HOW TO COMPLETE THIS TASK: Before copying, set the pictures aside; then repeat every line below verbatim.

┏━━

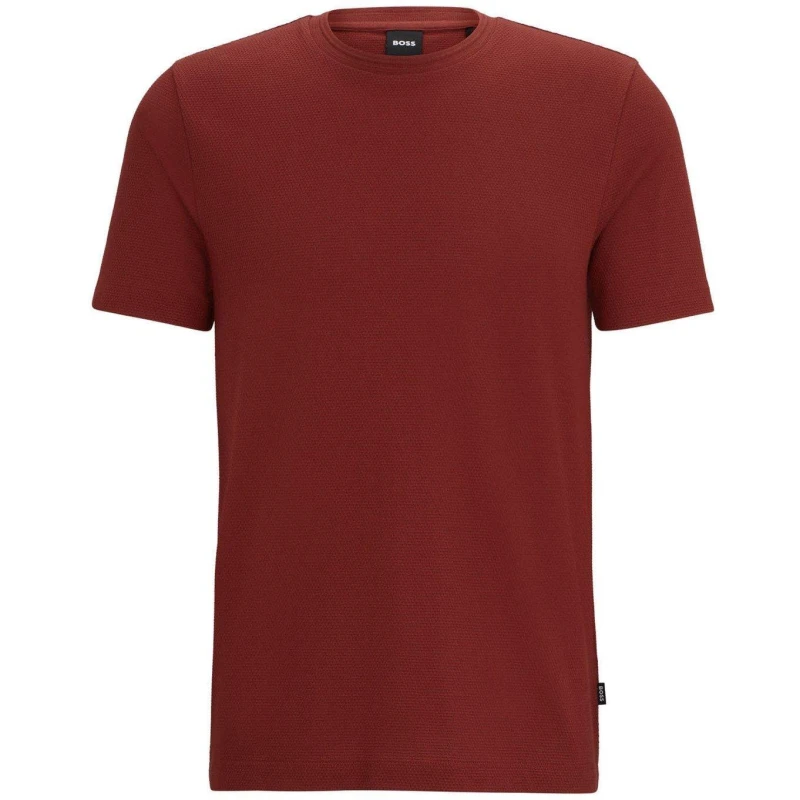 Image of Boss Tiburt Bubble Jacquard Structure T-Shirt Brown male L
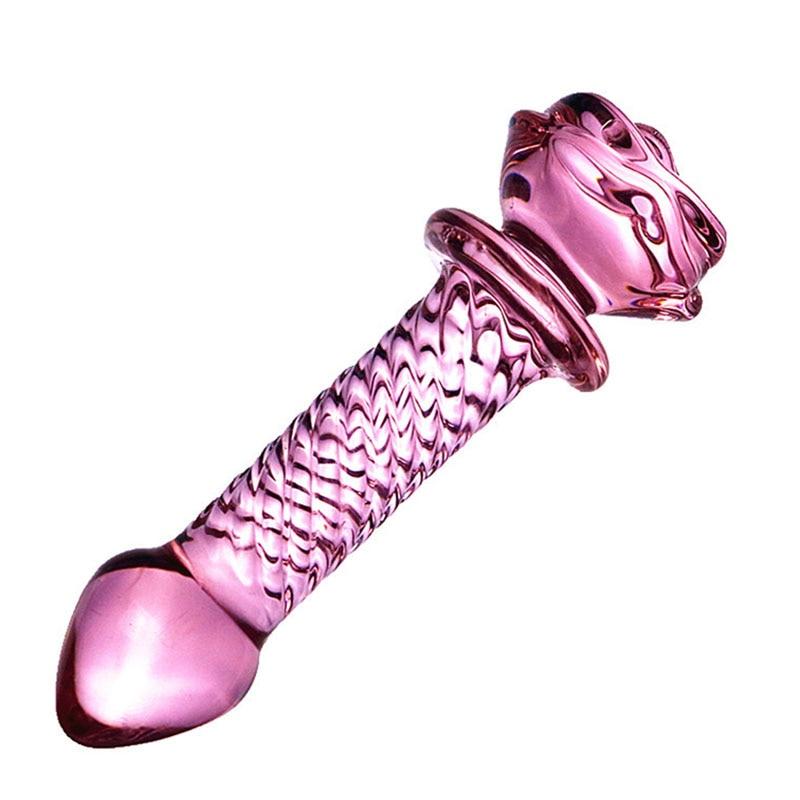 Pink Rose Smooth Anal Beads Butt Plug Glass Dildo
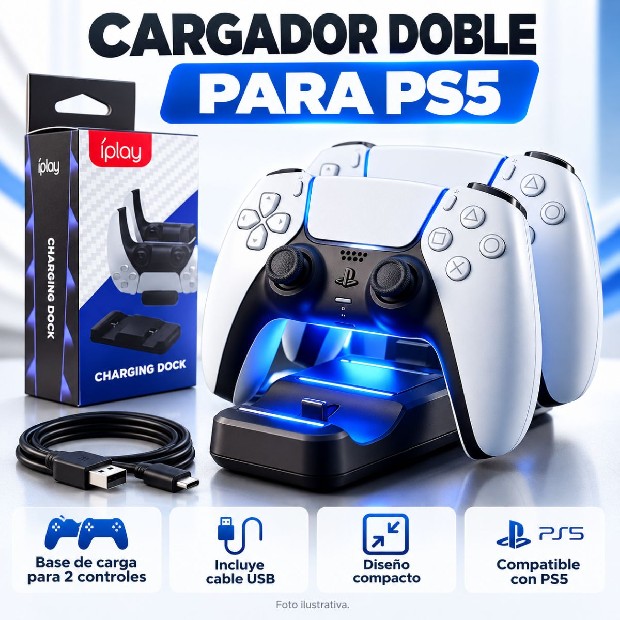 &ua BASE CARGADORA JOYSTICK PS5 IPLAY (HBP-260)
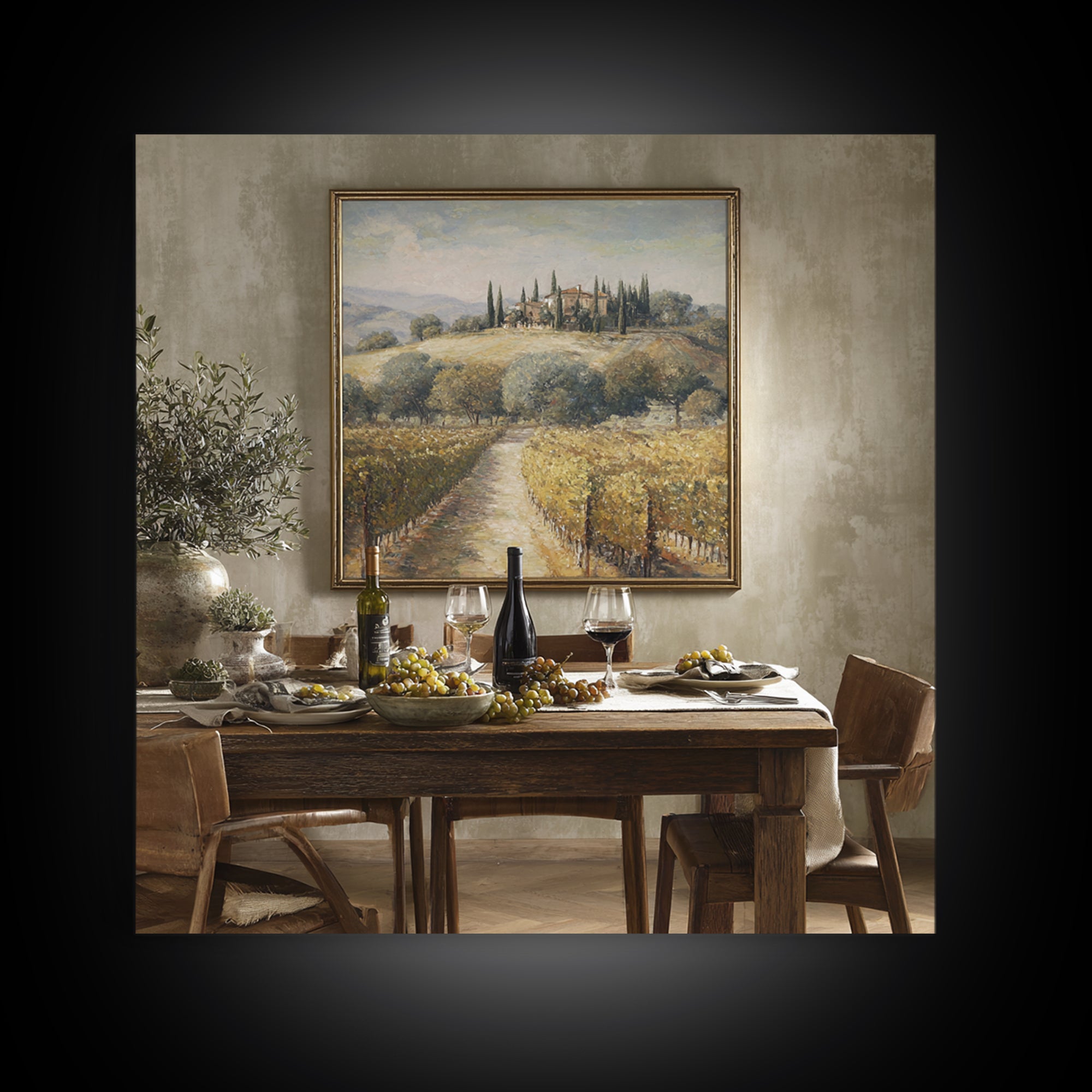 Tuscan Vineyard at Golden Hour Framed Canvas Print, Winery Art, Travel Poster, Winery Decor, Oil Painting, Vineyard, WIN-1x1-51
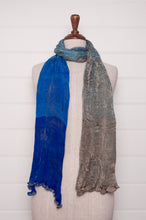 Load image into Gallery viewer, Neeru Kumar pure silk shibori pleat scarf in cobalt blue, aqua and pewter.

┗━━

YOUR RESPONSE:
 Image of Boss Tiburt Bubble Jacquard Structure T-Shirt Brown male L
 Pink Rose Smooth Anal Beads Butt Plug Glass Dildo
 &ua BASE CARGADORA JOYSTICK PS5 IPLAY (HBP-260)
 Tuscan Vineyard at Golden Hour Framed Canvas Print, Winery Art, Travel Poster, Winery Decor, Oil Painting, Vineyard, WIN-1x1-51
 Load image into Gallery viewer, Neeru Kumar pure silk shibori pleat scarf in cobalt blue, aqua and pewter.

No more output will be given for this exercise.